The celebrated Earl of Essex, in one of the misunderstandings between him, and Queen Elizabeth, having given her a more than common cause of offence, and wishing in a particular manner to soothe her resentment, wrote to her in much the same terms as those abovementioned. He gave the Queen, as we find in Camden, explicit thanks for the corrections she had inflicted upon him, and kissed (to use his words, as recited by the above Author) and ‘kissed her Majesty’s Royal Hand, and the rod which had chastised him.’ Not that I propose, however, by quoting the above expressions of the Earl, positively to affirm that they were meant to allude to any express corrections of the kind mentioned in this Book, which his Royal Mistress had at any time used to inflict upon him, or the other persons in her service; but yet, when we, on the one hand, attend to the invariable corruption, profligacy, shamelessness, wickedness, and perverseness of Ministers, ever since the beginning of the world, and on the other, consider to what degree those employed by the Princess we speak of, proved just, and zealous for the public good, we cannot help thinking that that great and magnanimous Queen had found out some very peculiar method of rendering them such[113].

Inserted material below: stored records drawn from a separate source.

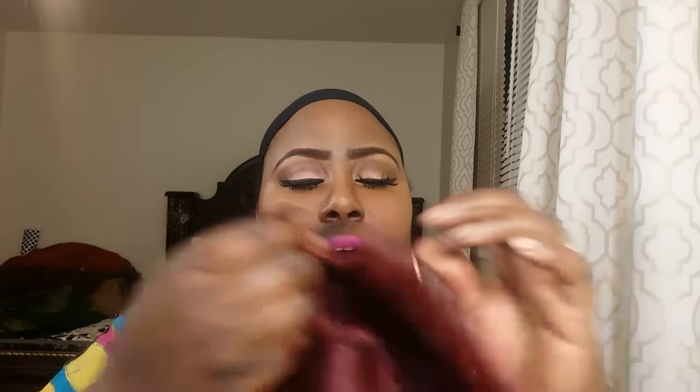The wig came in a plastic bag, and I chose the color burgundy. I'm going to show you guys how the wig is constructed — it has a comb in the front, a comb in the back, adjustable straps, and air tabs on each side. This wig is synthetic.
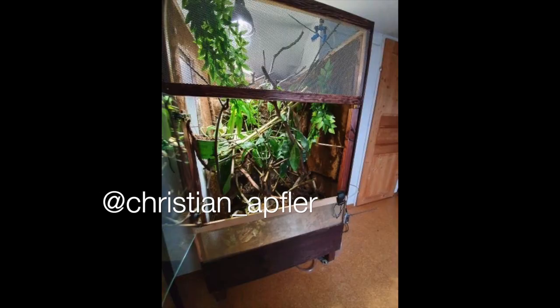Next up is Christian Apfler — a veiled chameleon enclosure. This is so decked out, creative, and cool. There's a door that opens in the middle with a huge screen. Did you make this yourself? There are vines and plants everywhere — I don't have anything to add. This is just an amazing enclosure. Thank you so much for sharing it.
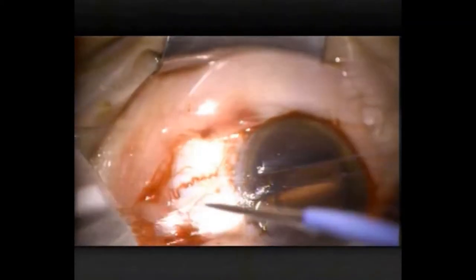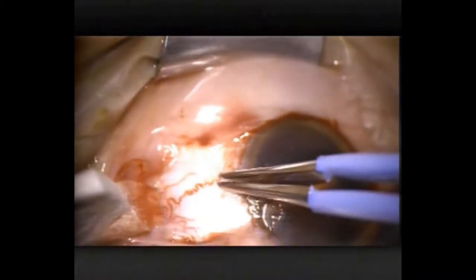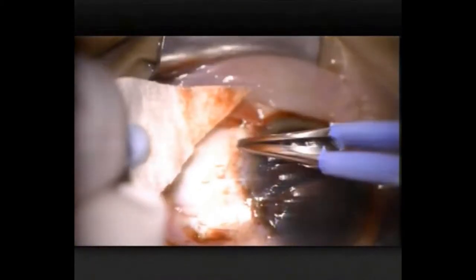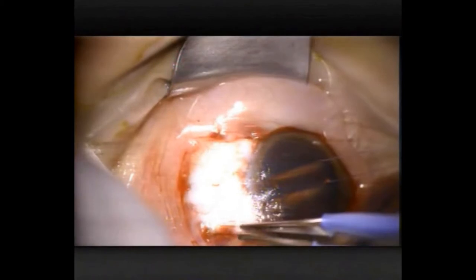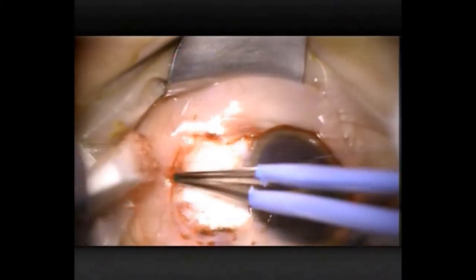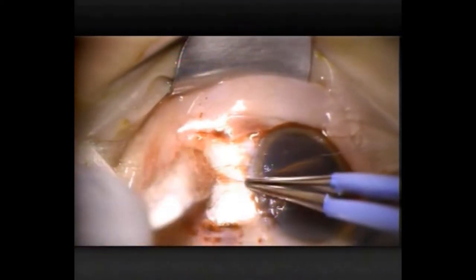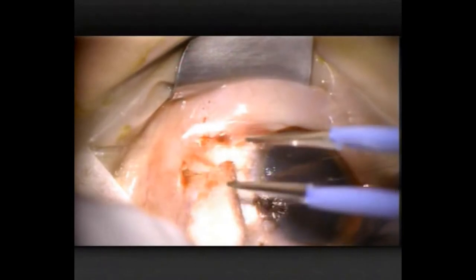Now for a bit of cautery. I like to have minimal hyperemia post-operatively, so all these slightly dilated vessels I'll cauterise. Obviously blood gets in the way if you're trying to see what you're doing during the surgery as well. Now I'm teasing out the vessels from that horizontal meridian and cauterising them too.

[112] The abovementioned Lord Munson had sat as one of the Judges at the King’s Trial: he lived at St. Edmundsbury, when his Wife, with the assistance of her Maids, served him with a flagellation. An allusion to the same fact is also made in a song which is to be found in the Collection of Loyal Songs. The thanks her Ladyship received from the Sessions Court, were owing to its being generally suspected the Noble Lord had altered his political principles; for which his Wife had chastised him.

It really seems that a kind of flagellating fanaticism had taken place, in those days, in this Country, similar in many respects to that which arose in the times of Cardinal Damian and Dominic the Cuirassed: there was this difference however, that it had for its object to flagellate, not one’s-self, but others; which was the wiser folly of the two. The thanks publicly decreed to Lady Munson (not to mention several puritanical publications of those days) are proofs of that flagellating spirit we mention; as well as the correction inflicted by Zachary Crofton upon his servant maid (see [p. 238]), and the pamphlet he wrote in defence of it; which was very likely grounded on certain religious tenets concerning the mortification of the flesh, &c. that were current in those times.

[113] It came out, in a certain late debate in the House of Commons (June 1783) that, among the expences in the office of a prime Minister, about a year before out of place, there was an article (introduced among the Stationary ware) of three hundred and forty pounds for whip-cord, for one year. It is very probably since the days of Queen Elizabeth, that this kind of commodity has been made part of the national expenditure.